B. F. Skinner
Burrhus Frederic Skinner was born in a small Pennsylvania town. His father was an attorney and his mother a housewife. His family life was described as old-fashioned and hard working.
Skinner received his Bachelor's degree in English in hopes of becoming a writer. He wrote for the school paper but saw himself as an outsider, being an atheist in a religious school, and often criticized the school and its beliefs. After graduation, he continued with his hopes of being a writer and worked for a newspaper, eventually moving to Greenwich Village in New York City.

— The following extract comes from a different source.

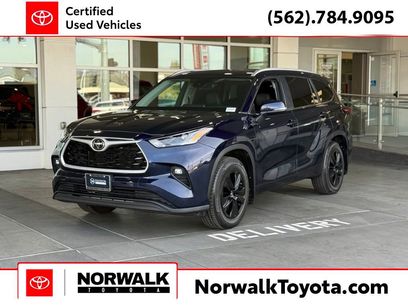 Used 2023 Toyota Highlander XLE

He later returned to his life as a student and completed his Master's degree in 1931 from Harvard, and his Doctorate a year later, both in the field of psychology. He married that same year and had two children, one of whom became famous, or perhaps infamous, as the baby raised in an artificial environment known as an 'air crib.'
In 1945, he became the chairman of the psychology department at Indiana University and left to teach at Harvard three years later, where he spent the remainder of his career. Although he never became the writer he had dreamt of, he did write several books and hundreds of articles on behavior theory, reinforcement, and Learning Theory. Today he is known as one of the most published psychologists.
His biggest criticism of psychological thought was against the growing following of Sigmund Freud. Skinner believed that examining the unconscious or hidden motives of human beings was a waste of time, for the only thing worth researching was outward behaviors. It was this core belief that led him to reject most of the theories prominent in the field of psychology.
Concepts such as self-actualization and striving to reach one's potential, such as the belief held by humanists was rejected due to the inability to research such an abstract idea. The idea of inner drives such as Freud's Id, Ego, and Superego were seen as preposterous. And the defense mechanisms, archetypes, and drives merely gave theoretical names to ideas that are poorly understood and likely nonexistent.
Instead, Skinner focused on observable behaviors and spent the majority of his professional career refining his theories of reinforcement. He believed that personality develops, that our behavior responds only because of external events. In other words, we are the way we are because we were rewarded for being that way. It is this belief that discounts emotions, thoughts, and even human freedom of choice.
Skinner got most of his criticism due to his belief that through rewards and punishments, we could design the perfect Utopia. His most famous and most controversial books, Walden II and Beyond Freedom and Dignity, described his theory of behavioral determinism despite the protests and criticism from religious leaders and others. In 1990, Skinner died from leukemia but is known world wide, with the likes of Sigmund Freud, as a forefather in modern day psychology.